[COLLECTED DATA]

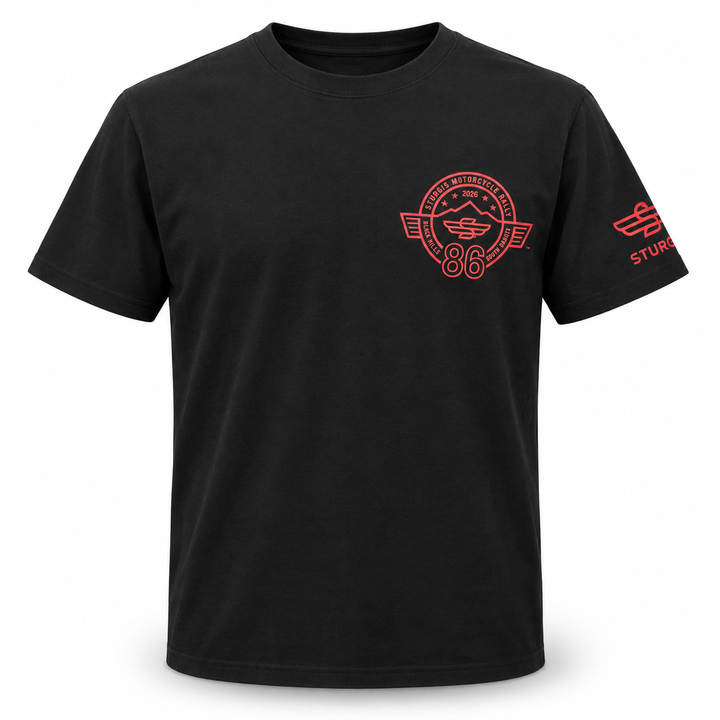 Black Sturgis 2026 official rally T-shirt with small red chest logo and sleeve print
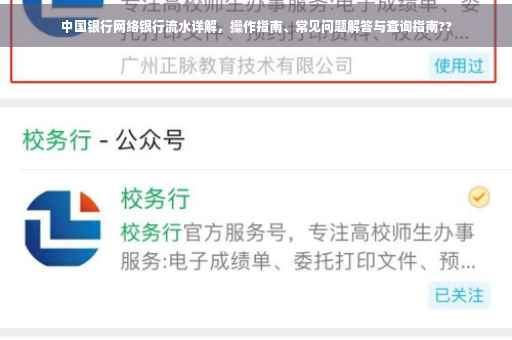 中国银行网络银行流水详解，操作指南、常见问题解答与查询指南??
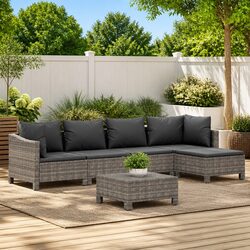 Stylish 6-Piece Grey Rattan Garden Lounge Set with Cushions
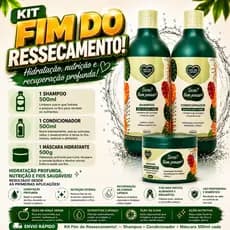 Kit Cabelos Secos Shampoo 500ml + Condicionador 500ml + Máscara 500g Tratamento Capilar Hidratação Anti Frizz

[/COLLECTED DATA]

PROBLEM STATEMENT
A faithful copy of all the data above, without its pictures, is the expected result.

EXPECTED ANSWER
 Black Sturgis 2026 official rally T-shirt with small red chest logo and sleeve print
 中国银行网络银行流水详解，操作指南、常见问题解答与查询指南??
 Stylish 6-Piece Grey Rattan Garden Lounge Set with Cushions
 Kit Cabelos Secos Shampoo 500ml + Condicionador 500ml + Máscara 500g Tratamento Capilar Hidratação Anti Frizz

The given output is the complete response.